It’s the birthday of transcendentalist Henry David Thoreau (1817-1862), who spent about two years living in the woods at Walden Pond and ten years writing about it.
Thoreau was born in Concord, Massachusetts, graduated from Harvard in 1837, and worked as a teacher for just two weeks because he was terrible at discipline. He then helped his older brother run a school for several years until his brother died of tetanus. (See? That really happens. Wear shoes. Get shots.) After that he worked in his family’s pencil factory and as a surveyor.
Thoreau’s fellow Concordian Ralph Waldo Emerson lent him land to live on at Walden and also introduced him to transcendentalism. When his book, Walden, was first published in 1854, the critics and public alike said, “Meh.” The book put forth Thoreau’s effort to live in absolute simplicity and solitude, omitting everything “that was not life.” He went on to decide that nearly everything most of us enjoy—food, drink, conversation with friends, reading newspapers, having curtains, having a sense of humor, the occasional Frappuccino Chip from Starbucks—was not necessary.

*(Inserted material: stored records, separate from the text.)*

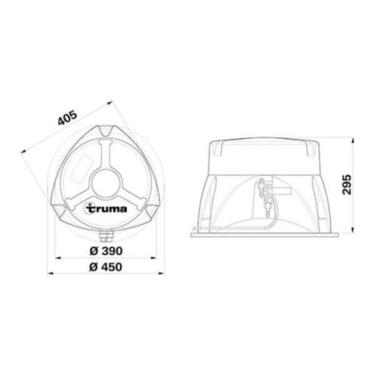 Truma Boiler Elektro, 14 Liter Bedienteil schwarz, ohne Wasserset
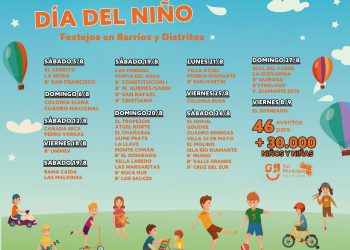 El Municipio organiza 46 festejos en ciudad y distritos por el Día del Niño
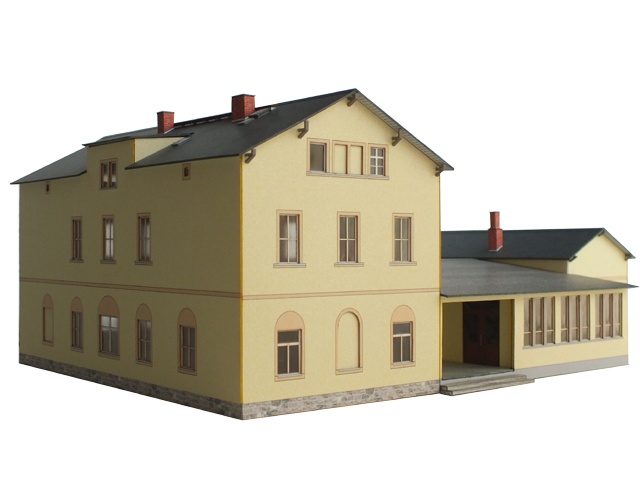 02-06-1-TT-EP-V - Bahnhof Schlettau - Empfangsgebäude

Not mentioned in Walden was the fact that Thoreau had weekly visits from family (who brought food) and plenty of other guests—but other than that, he lived in total, absolute solitude. And he feels that you should, too. (There are also rumors that his mother did his laundry.
Thoreau died of tuberculosis at the age of 44. Sales of Walden picked up after his death and it is now considered one of the great classics of American nonfiction.

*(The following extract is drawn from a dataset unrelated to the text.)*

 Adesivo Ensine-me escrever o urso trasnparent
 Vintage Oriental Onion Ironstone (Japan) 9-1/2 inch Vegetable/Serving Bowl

Journalist Kathryn Schulz wrote in this article right here, “But ‘Walden’ is less a cornerstone work of environmental literature than the original cabin porn: a fantasy about rustic life divorced from the reality of living in the woods, and, especially, a fantasy about escaping the entanglements and responsibilities of living among other people” (“Pond Scum: Henry David Thoreau’s moral myopia,” The New Yorker, October 19, 2015).
Have a splendid Thursday, make sure your tetanus shots are up to date, and stay scrupulously honest to the data.